┌──

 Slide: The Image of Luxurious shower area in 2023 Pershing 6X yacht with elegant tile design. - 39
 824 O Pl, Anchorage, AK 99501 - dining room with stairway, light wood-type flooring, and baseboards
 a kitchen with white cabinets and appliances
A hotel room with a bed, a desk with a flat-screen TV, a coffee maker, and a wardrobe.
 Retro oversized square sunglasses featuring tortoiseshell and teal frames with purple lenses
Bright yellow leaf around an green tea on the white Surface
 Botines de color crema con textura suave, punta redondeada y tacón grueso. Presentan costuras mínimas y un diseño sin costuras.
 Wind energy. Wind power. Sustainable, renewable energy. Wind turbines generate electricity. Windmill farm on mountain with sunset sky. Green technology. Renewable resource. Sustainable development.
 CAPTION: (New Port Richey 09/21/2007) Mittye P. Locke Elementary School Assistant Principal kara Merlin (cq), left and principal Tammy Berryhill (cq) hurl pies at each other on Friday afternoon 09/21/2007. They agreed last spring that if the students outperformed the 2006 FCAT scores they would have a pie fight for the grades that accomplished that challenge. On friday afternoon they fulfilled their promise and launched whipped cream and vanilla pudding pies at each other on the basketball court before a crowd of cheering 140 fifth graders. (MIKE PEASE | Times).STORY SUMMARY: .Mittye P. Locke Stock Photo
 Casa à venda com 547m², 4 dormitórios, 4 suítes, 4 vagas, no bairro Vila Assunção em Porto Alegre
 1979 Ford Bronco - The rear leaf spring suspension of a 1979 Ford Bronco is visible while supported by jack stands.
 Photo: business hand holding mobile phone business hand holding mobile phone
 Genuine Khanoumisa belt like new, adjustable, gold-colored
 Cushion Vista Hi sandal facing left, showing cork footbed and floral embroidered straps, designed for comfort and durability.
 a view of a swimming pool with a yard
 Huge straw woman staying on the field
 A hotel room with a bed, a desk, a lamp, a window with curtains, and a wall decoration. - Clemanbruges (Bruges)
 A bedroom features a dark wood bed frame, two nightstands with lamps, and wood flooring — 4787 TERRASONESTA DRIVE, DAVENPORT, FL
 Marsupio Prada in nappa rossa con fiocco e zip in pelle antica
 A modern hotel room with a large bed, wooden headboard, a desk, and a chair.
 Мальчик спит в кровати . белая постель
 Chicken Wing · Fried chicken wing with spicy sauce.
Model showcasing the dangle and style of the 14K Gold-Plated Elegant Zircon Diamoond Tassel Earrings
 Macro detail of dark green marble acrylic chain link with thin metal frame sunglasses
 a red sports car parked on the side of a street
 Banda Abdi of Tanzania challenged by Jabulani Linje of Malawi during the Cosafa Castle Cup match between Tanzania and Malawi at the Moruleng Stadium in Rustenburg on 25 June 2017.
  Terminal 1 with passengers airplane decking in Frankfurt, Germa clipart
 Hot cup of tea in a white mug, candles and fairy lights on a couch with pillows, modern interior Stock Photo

└──

WHAT THE TASK REQUIRES: Copy out all of the records above with nothing altered.

TASK RESULT:
 Slide: The Image of Luxurious shower area in 2023 Pershing 6X yacht with elegant tile design. - 39
 824 O Pl, Anchorage, AK 99501 - dining room with stairway, light wood-type flooring, and baseboards
 a kitchen with white cabinets and appliances
A hotel room with a bed, a desk with a flat-screen TV, a coffee maker, and a wardrobe.
 Retro oversized square sunglasses featuring tortoiseshell and teal frames with purple lenses
Bright yellow leaf around an green tea on the white Surface
 Botines de color crema con textura suave, punta redondeada y tacón grueso. Presentan costuras mínimas y un diseño sin costuras.
 Wind energy. Wind power. Sustainable, renewable energy. Wind turbines generate electricity. Windmill farm on mountain with sunset sky. Green technology. Renewable resource. Sustainable development.
 CAPTION: (New Port Richey 09/21/2007) Mittye P. Locke Elementary School Assistant Principal kara Merlin (cq), left and principal Tammy Berryhill (cq) hurl pies at each other on Friday afternoon 09/21/2007. They agreed last spring that if the students outperformed the 2006 FCAT scores they would have a pie fight for the grades that accomplished that challenge. On friday afternoon they fulfilled their promise and launched whipped cream and vanilla pudding pies at each other on the basketball court before a crowd of cheering 140 fifth graders. (MIKE PEASE | Times).STORY SUMMARY: .Mittye P. Locke Stock Photo
 Casa à venda com 547m², 4 dormitórios, 4 suítes, 4 vagas, no bairro Vila Assunção em Porto Alegre
 1979 Ford Bronco - The rear leaf spring suspension of a 1979 Ford Bronco is visible while supported by jack stands.
 Photo: business hand holding mobile phone business hand holding mobile phone
 Genuine Khanoumisa belt like new, adjustable, gold-colored
 Cushion Vista Hi sandal facing left, showing cork footbed and floral embroidered straps, designed for comfort and durability.
 a view of a swimming pool with a yard
 Huge straw woman staying on the field
 A hotel room with a bed, a desk, a lamp, a window with curtains, and a wall decoration. - Clemanbruges (Bruges)
 A bedroom features a dark wood bed frame, two nightstands with lamps, and wood flooring — 4787 TERRASONESTA DRIVE, DAVENPORT, FL
 Marsupio Prada in nappa rossa con fiocco e zip in pelle antica
 A modern hotel room with a large bed, wooden headboard, a desk, and a chair.
 Мальчик спит в кровати . белая постель
 Chicken Wing · Fried chicken wing with spicy sauce.
Model showcasing the dangle and style of the 14K Gold-Plated Elegant Zircon Diamoond Tassel Earrings
 Macro detail of dark green marble acrylic chain link with thin metal frame sunglasses
 a red sports car parked on the side of a street
 Banda Abdi of Tanzania challenged by Jabulani Linje of Malawi during the Cosafa Castle Cup match between Tanzania and Malawi at the Moruleng Stadium in Rustenburg on 25 June 2017.
  Terminal 1 with passengers airplane decking in Frankfurt, Germa clipart
 Hot cup of tea in a white mug, candles and fairy lights on a couch with pillows, modern interior Stock Photo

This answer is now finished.